Yes, but also no. Prediction implies somewhat steady flow. That is of course the ideal! If you know roughly how much is going to be needed when you can just run things to schedule and you don't need any signals at all!
The problematic case is when variation is too big for that. That's when (from my memory -- was a while since I read the books) Goldratt leans on global ingress control instead of local signaling.
But I do realise I may be misremembering. I should probably re-read some time soon.
I read it more recently than you and your memory matches mine. I was always surprised The Goal taught a push-based method rather than a pull-based one.
What I learned from "The Goal" is that any business/system will always have a single bottleneck that dictates the max throughput of the whole business/system.
So as a manager it is your #1 objective to find that bottleneck and remove it. And the moment you remove it, the max throughput of the whole business/system improves until some other bottleneck is now limiting throughput. So you repeat finding and fixing that bottleneck etc.
There are of course different ways to fix the bottleneck. Kanban is a famous example of one. However even with Kanban the business will still have a bottleneck that limits throughput.
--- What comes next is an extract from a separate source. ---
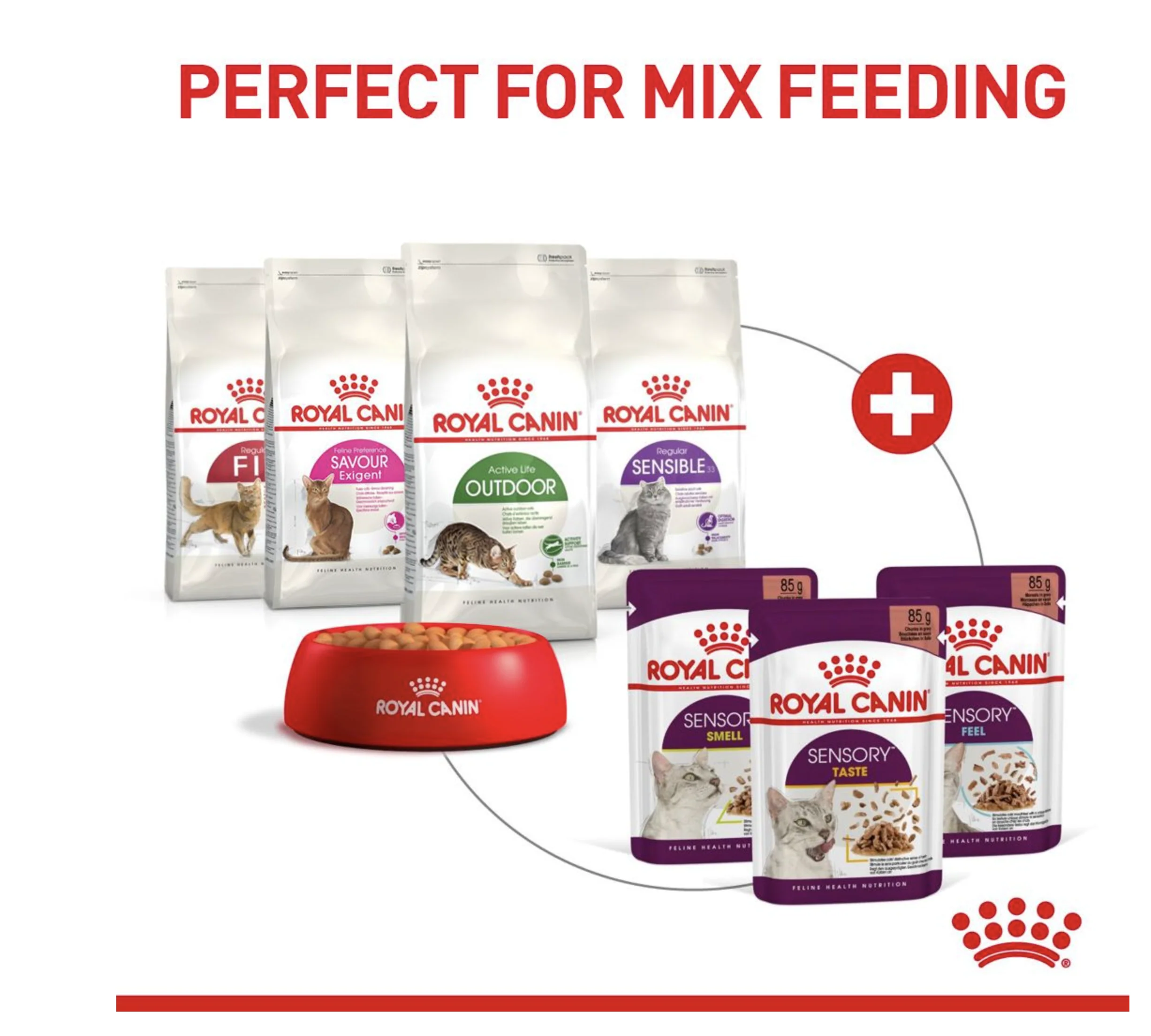 Royal Canin Sensory Taste Adult Wet Cat Food (in Jelly) - Image 8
Got you. It seems like I'm the one misremembering. I thought they'd gotten more sophisticated than that by the end. I guess the story makes the ideas seem more powerful than they'd appear when laid out in a straight-forward way against competing processes.
The problematic case is when variation is too big for that. That's when (from my memory -- was a while since I read the books) Goldratt leans on global ingress control instead of local signaling.
But I do realise I may be misremembering. I should probably re-read some time soon.